Deutsche Bank’s global transaction banking (GTB) business delivered pre-tax profits of €379 million in the third quarter, slightly up on the same period last year, despite the challenges of a “difficult macroeconomic environment, low interest rates in core markets, and competitive pressures on margins,” the bank said.
Pre-tax profits were generated on the back of €1 billion of net revenues in GTB – flat to the same period a year ago – and supported by a 14% fall in non-interest expenses.
This performance was solid as oppose to stellar, but given the group’s results were marred by €1.2 billion of litigation charges – slashing pre-tax profits to €18 million – and hampered by an underperforming corporate banking and securities division, GTB may be seen as one of few bright spots in the Deutsche’s third quarter.
Within GTB, Deutsche said its trade finance business delivered solid revenues due to strong volumes, while revenues in trust and securities services were stable, “as higher volumes counterbalanced the impact from low interest rates”. Revenues in cash management were also impacted by low interest rates in core markets.
Deutsche said provision for credit losses in GTB edged up to €58 million compared with a year ago, an increase largely related to volume growth in trade finance and higher provisions for the bank’s commercial banking activities in the Netherlands.
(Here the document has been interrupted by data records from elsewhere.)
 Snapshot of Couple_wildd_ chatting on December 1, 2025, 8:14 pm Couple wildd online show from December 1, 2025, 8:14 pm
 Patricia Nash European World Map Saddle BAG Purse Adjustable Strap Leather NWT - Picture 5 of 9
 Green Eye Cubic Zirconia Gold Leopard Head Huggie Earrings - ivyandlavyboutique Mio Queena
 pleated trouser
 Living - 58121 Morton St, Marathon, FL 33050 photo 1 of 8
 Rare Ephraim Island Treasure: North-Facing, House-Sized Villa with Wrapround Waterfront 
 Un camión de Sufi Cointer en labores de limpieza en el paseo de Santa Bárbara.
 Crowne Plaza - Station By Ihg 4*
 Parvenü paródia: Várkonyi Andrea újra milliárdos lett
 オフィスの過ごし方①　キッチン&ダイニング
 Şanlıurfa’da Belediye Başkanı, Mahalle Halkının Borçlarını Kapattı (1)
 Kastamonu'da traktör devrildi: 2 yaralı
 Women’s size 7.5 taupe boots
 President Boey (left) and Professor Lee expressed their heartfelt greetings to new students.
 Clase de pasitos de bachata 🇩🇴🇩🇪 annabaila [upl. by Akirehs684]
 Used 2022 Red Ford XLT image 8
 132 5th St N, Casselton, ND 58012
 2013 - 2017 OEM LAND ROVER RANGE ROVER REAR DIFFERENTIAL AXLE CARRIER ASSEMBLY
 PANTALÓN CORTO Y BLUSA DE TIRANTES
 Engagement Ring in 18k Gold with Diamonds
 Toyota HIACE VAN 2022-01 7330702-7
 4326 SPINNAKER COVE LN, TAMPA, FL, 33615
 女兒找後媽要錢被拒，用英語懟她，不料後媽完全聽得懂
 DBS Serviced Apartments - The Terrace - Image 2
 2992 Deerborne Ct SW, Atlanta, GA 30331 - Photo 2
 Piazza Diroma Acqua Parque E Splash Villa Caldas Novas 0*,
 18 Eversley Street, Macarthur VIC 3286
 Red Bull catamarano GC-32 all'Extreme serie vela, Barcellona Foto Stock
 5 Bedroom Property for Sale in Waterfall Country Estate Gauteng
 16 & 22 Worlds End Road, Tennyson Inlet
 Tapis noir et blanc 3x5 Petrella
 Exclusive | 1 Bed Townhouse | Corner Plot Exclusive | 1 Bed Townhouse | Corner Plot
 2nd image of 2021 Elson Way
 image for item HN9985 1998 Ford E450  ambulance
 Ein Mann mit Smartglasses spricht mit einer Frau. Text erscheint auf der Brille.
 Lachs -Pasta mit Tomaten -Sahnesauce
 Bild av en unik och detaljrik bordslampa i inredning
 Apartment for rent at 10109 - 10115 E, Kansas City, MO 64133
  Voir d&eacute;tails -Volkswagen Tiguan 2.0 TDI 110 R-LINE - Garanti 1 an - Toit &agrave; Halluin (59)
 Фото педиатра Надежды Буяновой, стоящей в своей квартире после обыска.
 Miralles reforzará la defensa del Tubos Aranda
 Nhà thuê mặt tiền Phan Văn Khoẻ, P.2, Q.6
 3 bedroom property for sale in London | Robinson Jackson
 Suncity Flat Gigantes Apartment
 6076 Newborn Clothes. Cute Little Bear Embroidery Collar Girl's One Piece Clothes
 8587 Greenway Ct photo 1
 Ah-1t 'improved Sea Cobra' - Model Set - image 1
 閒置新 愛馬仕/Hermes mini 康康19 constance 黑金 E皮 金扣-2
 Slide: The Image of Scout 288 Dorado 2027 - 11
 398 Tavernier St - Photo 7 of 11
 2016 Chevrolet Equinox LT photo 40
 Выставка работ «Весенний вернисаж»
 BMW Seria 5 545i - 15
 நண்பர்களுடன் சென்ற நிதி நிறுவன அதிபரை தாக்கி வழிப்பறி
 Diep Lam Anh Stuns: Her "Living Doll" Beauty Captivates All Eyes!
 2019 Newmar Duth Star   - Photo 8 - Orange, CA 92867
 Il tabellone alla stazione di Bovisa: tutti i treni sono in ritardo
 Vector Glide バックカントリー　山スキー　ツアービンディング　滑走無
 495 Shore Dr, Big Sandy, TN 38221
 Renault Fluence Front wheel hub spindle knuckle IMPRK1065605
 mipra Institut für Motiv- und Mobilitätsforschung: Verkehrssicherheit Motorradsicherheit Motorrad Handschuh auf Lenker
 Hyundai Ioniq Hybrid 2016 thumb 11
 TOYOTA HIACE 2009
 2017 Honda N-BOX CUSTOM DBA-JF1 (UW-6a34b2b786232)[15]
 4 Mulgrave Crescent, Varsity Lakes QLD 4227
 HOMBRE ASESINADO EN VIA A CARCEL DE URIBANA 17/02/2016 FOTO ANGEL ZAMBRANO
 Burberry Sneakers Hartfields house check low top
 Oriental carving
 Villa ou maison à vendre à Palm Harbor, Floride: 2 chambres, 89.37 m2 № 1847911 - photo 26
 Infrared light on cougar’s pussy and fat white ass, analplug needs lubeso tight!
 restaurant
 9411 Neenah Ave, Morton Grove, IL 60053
For Standard Chartered, which doesn’t disclose its performance numbers in its interim management statement, it said that in both the year to date (September 30) and the third quarter income from its transaction banking business fell by a “mid single digit percentage” compared with a year earlier.
Standard Chartered said that volumes across its cash and trade business, and consistent with the first half, remain strong, and up by double digit percentages both for the year to date and when compared with the third quarter of last year.
Revealingly, the bank said that “margins in the third quarter remain materially lower than in the equivalent quarter of 2012, with margins in trade now some 26 basis points lower, and margins in cash some 15 basis points lower.”
However, Standard Chartered said that margins in both trade and cash are now broadly stabilizing.